Supplied records:
---------------

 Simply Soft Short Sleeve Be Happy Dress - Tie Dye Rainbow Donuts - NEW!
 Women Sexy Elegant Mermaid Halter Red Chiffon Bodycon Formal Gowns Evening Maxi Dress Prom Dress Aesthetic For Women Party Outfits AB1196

---------------

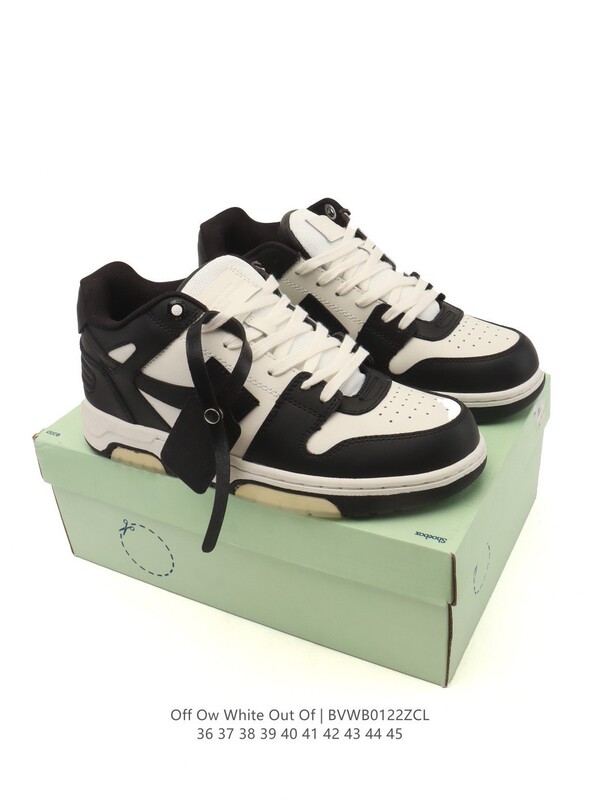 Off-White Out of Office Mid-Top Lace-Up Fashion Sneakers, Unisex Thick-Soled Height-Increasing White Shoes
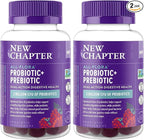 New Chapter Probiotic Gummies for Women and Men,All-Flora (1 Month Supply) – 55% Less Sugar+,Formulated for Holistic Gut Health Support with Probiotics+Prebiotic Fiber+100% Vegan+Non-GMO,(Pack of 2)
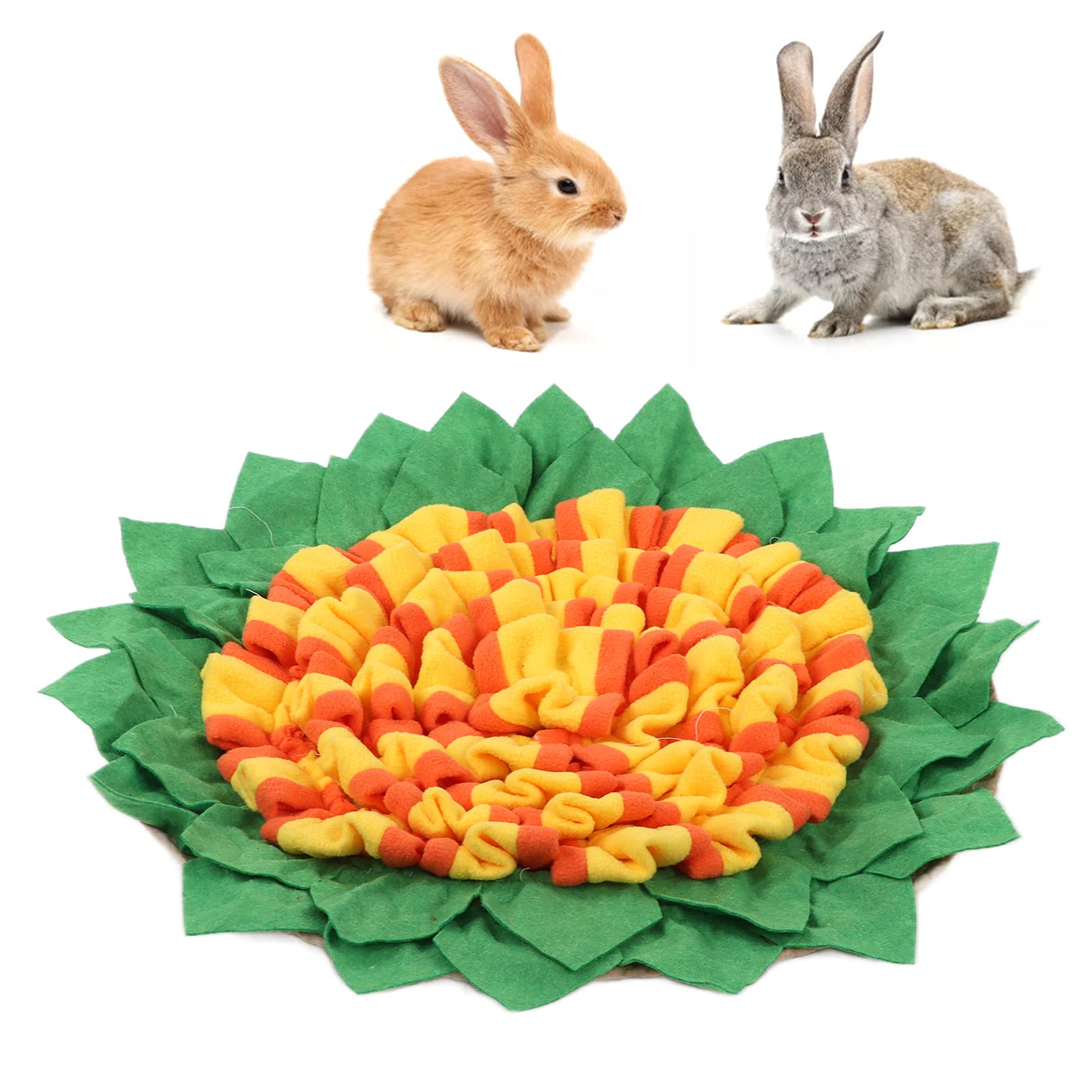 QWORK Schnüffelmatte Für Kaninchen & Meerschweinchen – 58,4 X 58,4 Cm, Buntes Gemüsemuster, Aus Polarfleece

---------------

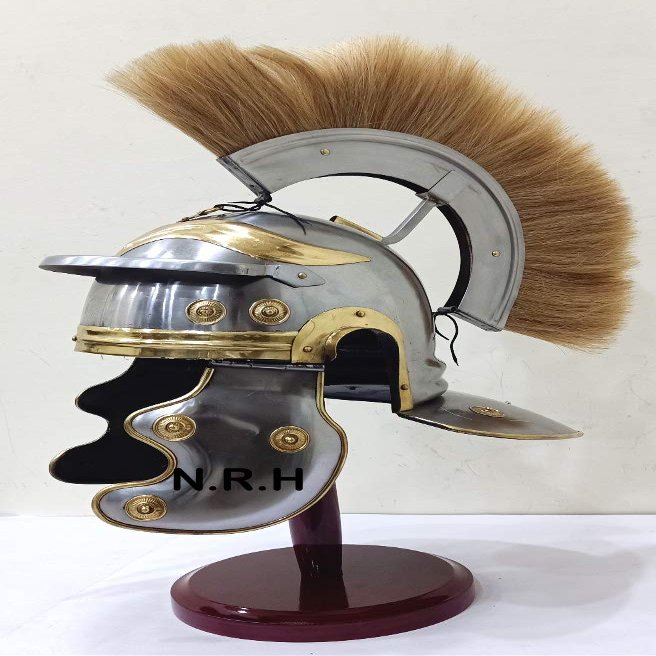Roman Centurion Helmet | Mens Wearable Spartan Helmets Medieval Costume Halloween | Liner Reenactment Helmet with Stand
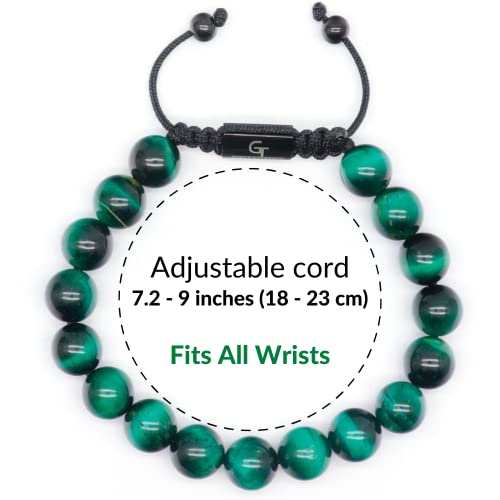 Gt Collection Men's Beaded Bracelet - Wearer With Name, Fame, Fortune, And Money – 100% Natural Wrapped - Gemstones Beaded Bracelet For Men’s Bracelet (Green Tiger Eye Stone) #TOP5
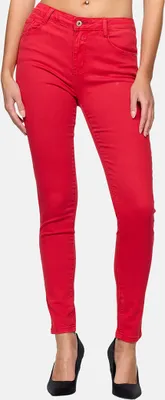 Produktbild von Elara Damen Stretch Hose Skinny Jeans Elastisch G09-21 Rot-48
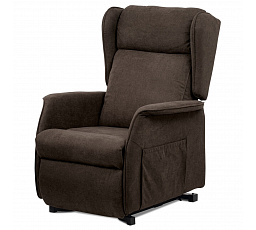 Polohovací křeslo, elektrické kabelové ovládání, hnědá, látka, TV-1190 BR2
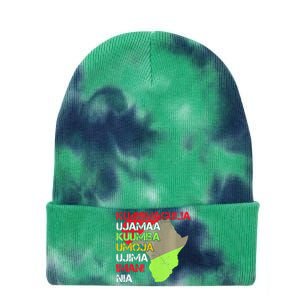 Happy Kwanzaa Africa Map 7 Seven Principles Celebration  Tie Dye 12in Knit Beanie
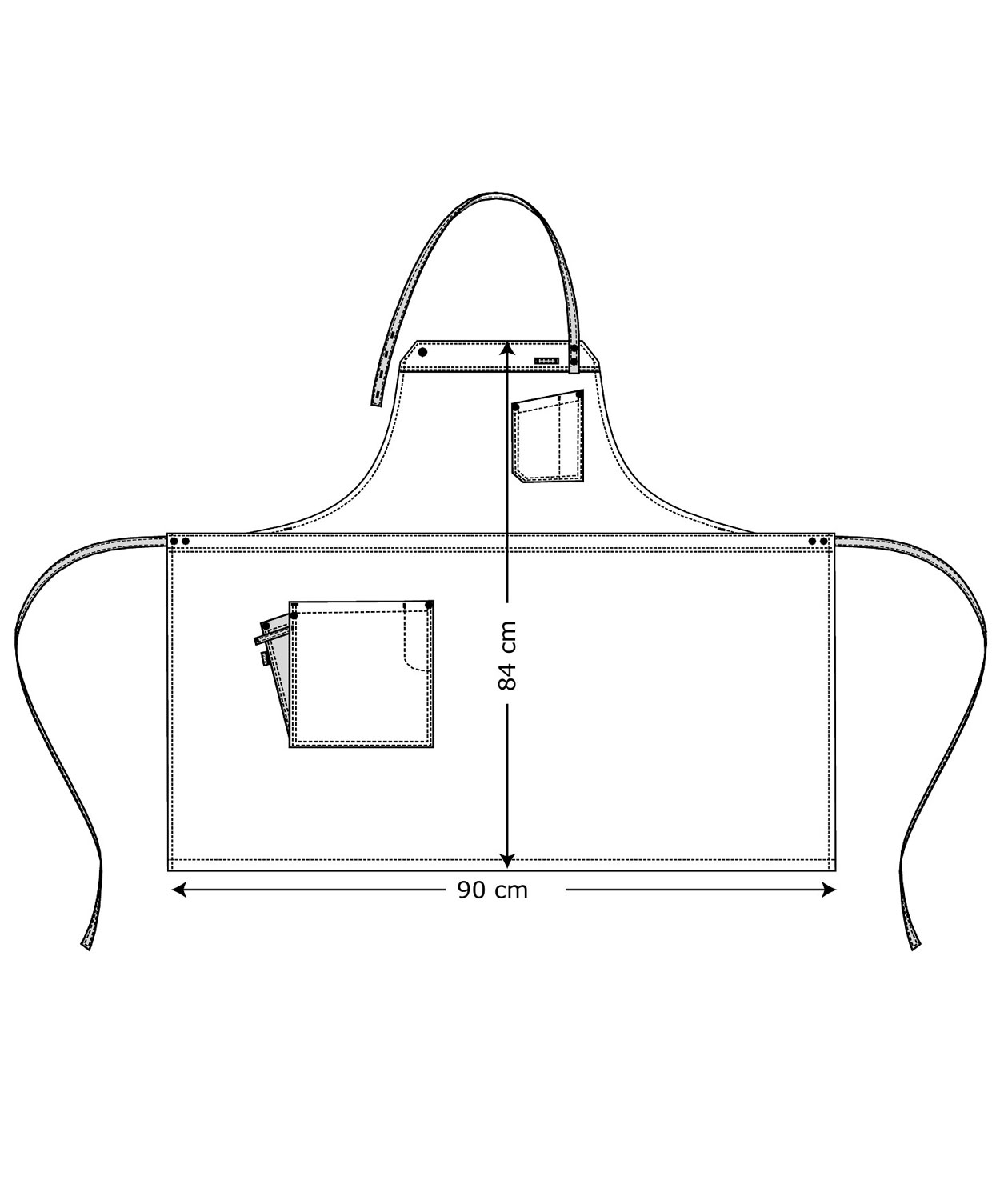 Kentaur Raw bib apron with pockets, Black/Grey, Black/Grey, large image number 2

---------------

Instructions to follow: Pictures do not belong in the answer. Return the lines above starting at the one with "Roman Centurion Helmet" and ending at the one with "Polohovací křeslo, elektrické", both kept, exactly.

Response:
Roman Centurion Helmet | Mens Wearable Spartan Helmets Medieval Costume Halloween | Liner Reenactment Helmet with Stand
 Gt Collection Men's Beaded Bracelet - Wearer With Name, Fame, Fortune, And Money – 100% Natural Wrapped - Gemstones Beaded Bracelet For Men’s Bracelet (Green Tiger Eye Stone) #TOP5
 Produktbild von Elara Damen Stretch Hose Skinny Jeans Elastisch G09-21 Rot-48
 Polohovací křeslo, elektrické kabelové ovládání, hnědá, látka, TV-1190 BR2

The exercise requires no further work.